Phase 2: Ensure Review Quality and Understand How Predictive Coding Could Have Helped From the Beginning
After the first wave of depositions was completed, the firm had more time and wanted to ensure that it had uncovered all relevant documents that were not identified in time for the depositions. The firm also wanted to perform a qualitycontrol sweep of the already-reviewed documents to assess the solution’s appropriateness as a quality control tool. In addition, the firm’s attorneys were interested in understanding what the workflow would have looked like had Consilio’s predictive coding solution been used from the outset in lieu of linear review.
In this second phase, Consilio ran a predictive coding workflow from scratch as though partial linear review had not taken place. Consilio first took a random sample of the entire corpus—about 1,400 documents— to create the control set for the predictive coding software. Consilio used previously applied coding for those of the 1,400 documents that had been reviewed, and counsel reviewed those docs which had not previously been reviewed. After optimizing the computer models with the control set, Consilio selected 25 “disagreement documents” for each issue tag, or 300 total disagreement documents. These documents were ones that the attorney coded relevant but the computer believed to be irrelevant and vice versa. Counsel re-reviewed these disagreement documents and decided to overturn the original coding on 25 percent of these documents. Consilio fed these reversals back into the predictive coding software and reoptimized the models to generate final scores for each issue tag. Through this process, Consilio identified an additional 1,600 documents in the corpus likely relevant to one or more issue tags that counsel had not yet reviewed because they were not yet reviewed in the preceding linear review, and the Phase 1 deposition readiness review didn’t review deeply enough. After review, counsel noted that many of these documents were also useful to support legal arguments.
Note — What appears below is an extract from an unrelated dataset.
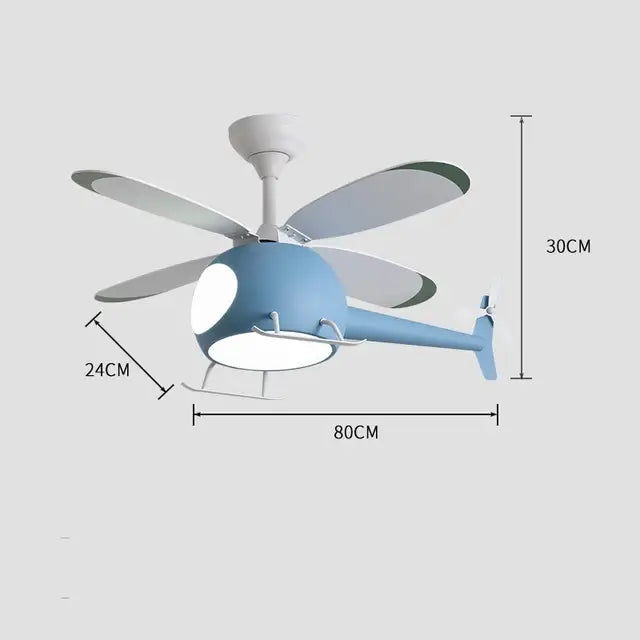 DecorBites™ Aircraft LED Chandelier Ceiling Fan Light Remote Dimming Kids Room Bedroom Decor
The results of this phase emphasize how predictive coding software delivers the consistency that is typically missing from linear review. The volume, time, and complexity challenges of reviewing 31,000 documents concurrently for 12 issues—creating more than 360,000 decision points that threaten to boggle even the most adept human mind—were minimized by the technology, which dramatically lowered the number of decision points the attorneys needed to make. The fact that one-quarter of the disagreement documents were overturned on re-review by the same attorney reveals how human review is subject to inconsistency. By reviewing only 1,400 documents, the predictive coding software could have helped the attorneys eliminate considerable amounts of irrelevant document noise that was littering defense counsel’s production.
As this case study demonstrates, predictive coding software lends itself to a number of applications, including classification and quality control – and in this case, document prioritization. The Consilio solution allows clients to stratify resources and focus attention on the documents that are most likely to be relevant soonest, which is critical to attorneys who are working to beat tight deadlines and who have limited review bandwidth. In this matter, had counsel used predictive coding from the outset, counsel would have significantly limited the scope of review. With only one round of optimized training of the computer model and one round of disagreement review, counsel would have only needed to review 30 percent of the full corpus – including training documents, disagreement documents and likely relevant documents – eliminating 70 percent of the corpus from consideration. Even with this modest-sized document set, predictive coding could have saved 200 hours of attorney review time, presuming a review rate of 100 documents per hour, and with larger data sets, these savings would have been exponentially larger.